**What the exercise asks**
Which lines run from the one containing "Fetid Heath [Tarkir: Dragonstorm" to the end of the records? Write them out exactly, both ends included, and nothing else.

**Data records**
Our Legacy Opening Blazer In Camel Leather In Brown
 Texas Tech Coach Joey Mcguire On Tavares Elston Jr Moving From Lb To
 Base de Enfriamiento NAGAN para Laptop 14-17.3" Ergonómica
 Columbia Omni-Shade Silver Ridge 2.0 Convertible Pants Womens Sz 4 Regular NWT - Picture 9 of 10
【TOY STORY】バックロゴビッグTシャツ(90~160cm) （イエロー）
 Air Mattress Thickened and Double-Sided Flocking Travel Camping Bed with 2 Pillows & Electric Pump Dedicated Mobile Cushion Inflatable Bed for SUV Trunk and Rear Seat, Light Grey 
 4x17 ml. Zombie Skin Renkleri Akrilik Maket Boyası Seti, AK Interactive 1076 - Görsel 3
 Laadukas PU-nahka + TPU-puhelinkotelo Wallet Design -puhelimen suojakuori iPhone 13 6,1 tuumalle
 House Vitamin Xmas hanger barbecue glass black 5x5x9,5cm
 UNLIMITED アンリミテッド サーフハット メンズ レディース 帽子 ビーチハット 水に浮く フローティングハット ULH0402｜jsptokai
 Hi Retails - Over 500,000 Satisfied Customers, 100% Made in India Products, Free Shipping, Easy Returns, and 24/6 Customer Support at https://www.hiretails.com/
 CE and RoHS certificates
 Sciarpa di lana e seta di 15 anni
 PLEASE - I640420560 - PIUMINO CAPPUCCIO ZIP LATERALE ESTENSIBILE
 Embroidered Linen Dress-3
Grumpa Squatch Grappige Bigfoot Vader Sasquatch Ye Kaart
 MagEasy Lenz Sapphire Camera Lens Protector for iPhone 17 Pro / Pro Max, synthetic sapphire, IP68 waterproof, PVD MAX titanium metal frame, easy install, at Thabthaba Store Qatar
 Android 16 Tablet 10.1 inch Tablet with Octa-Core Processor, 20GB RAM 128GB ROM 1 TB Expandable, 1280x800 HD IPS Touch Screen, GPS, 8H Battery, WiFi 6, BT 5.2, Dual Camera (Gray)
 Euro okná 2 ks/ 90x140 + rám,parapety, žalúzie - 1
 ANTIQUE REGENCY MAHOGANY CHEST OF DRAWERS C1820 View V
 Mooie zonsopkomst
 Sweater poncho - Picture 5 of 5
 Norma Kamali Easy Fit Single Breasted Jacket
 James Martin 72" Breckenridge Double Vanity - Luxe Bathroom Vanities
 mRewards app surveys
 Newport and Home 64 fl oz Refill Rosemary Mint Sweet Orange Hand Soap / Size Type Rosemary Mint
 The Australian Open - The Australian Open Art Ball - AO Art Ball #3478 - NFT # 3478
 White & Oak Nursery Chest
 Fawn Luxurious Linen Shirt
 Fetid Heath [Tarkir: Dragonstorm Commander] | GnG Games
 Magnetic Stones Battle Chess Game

**Answer for this exercise**
 Fetid Heath [Tarkir: Dragonstorm Commander] | GnG Games
 Magnetic Stones Battle Chess Game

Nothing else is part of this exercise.